A MODEL MADE IN AUSTRIA
Leitner and his business partner, Hannes Meissner, are tireless pioneers of political risk management in Austria, with a model organically developed as an Austrianflavored version of the Anglo-Saxon variant.
In developing their product, Leitner and Meissner have used their academic backgrounds for theoretical and logistical support. Their methodology is unique, digging into issues like “systemic nepotism,” “systemic corruption” and “institutional ambiguity” – that is, understanding those power networks and stakeholders that can capture a state or an economic sector in ways not immediately visible to outsiders. There is a qualitative aspect to this that cannot be captured by quantitative international benchmarks or overstretched analysts sitting in London, Paris or New York, upon whom many international investors rely.
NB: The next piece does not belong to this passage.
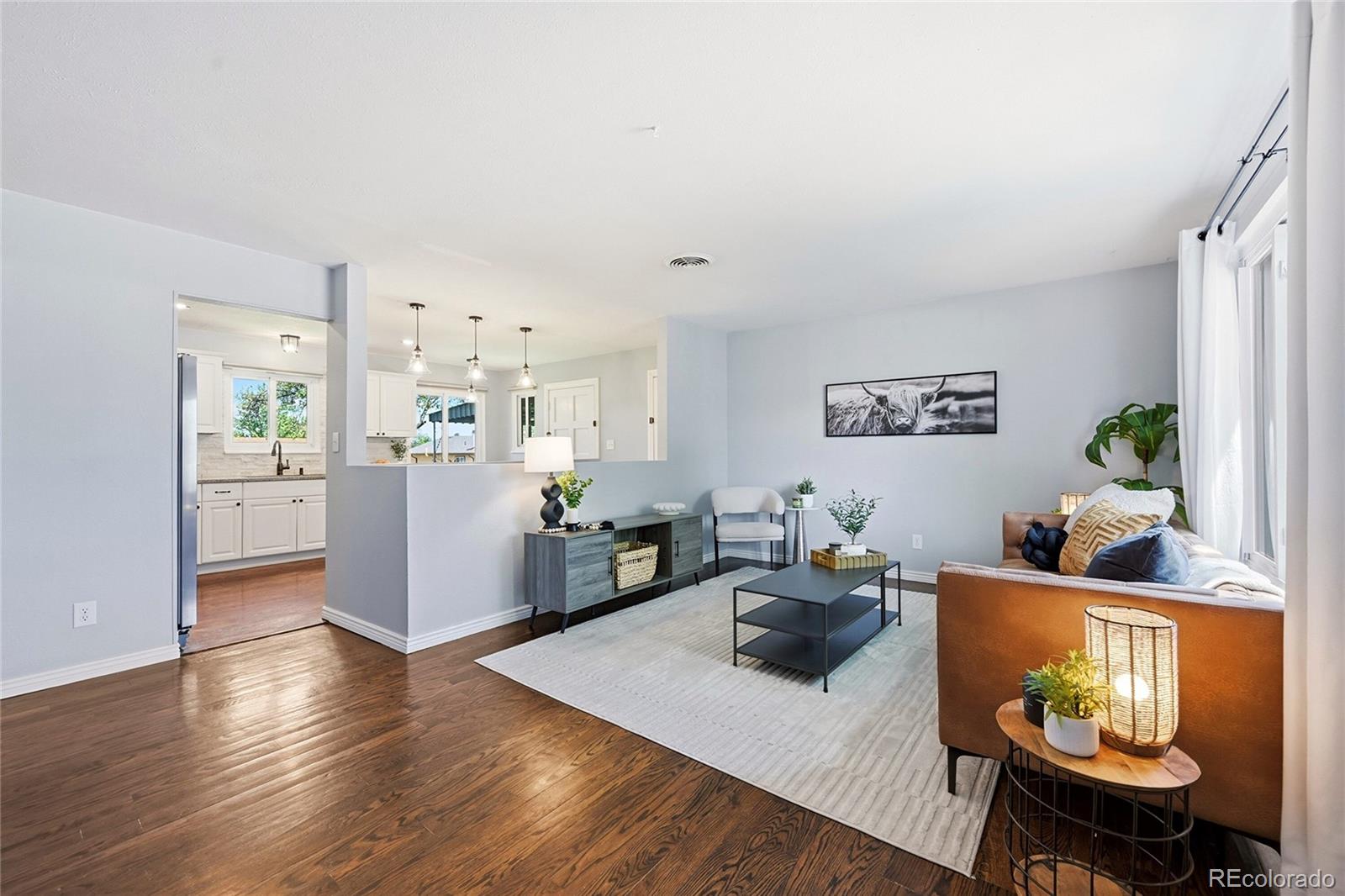 MLS Image #2 for 6243 w 75th avenue,arvada, Colorado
Georgia is a classic example, a country that rose quickly through the international rankings of quality governance as Mikheil Saakashvili’s government enacted a raft of legislative reforms in the wake of the 2003 Rose Revolution. Less visible was how Saakashvili’s associated business interests consolidated on the state level and in certain sectors.
Despite the unique methodology, Leitner notes the challenge in persuading investors, not just Austrians, that “a strategic and proactive political risk management could help prevent negative scenarios.” Dealing with crises as they arise is not sufficient, and rarely leads to competitive advantage.
Grieveson underlines the necessity of risk management, particularly in CEE: “The tectonic plates have definitely moved in the last 10 years,” he says. “I think that, so far, many people have failed to understand what has happened. Why in Poland, for example, which on various economic metrics is the great post-communist success story, are so many people unhappy, and why do they have the government they have? Why do people in most of CEE think so differently about refugees to those in Western Europe? Why does only a quarter of Czechs want to join the euro? These issues matter a lot.”
With thanks to George Santayana, those who do not study risk will be putty in its hands.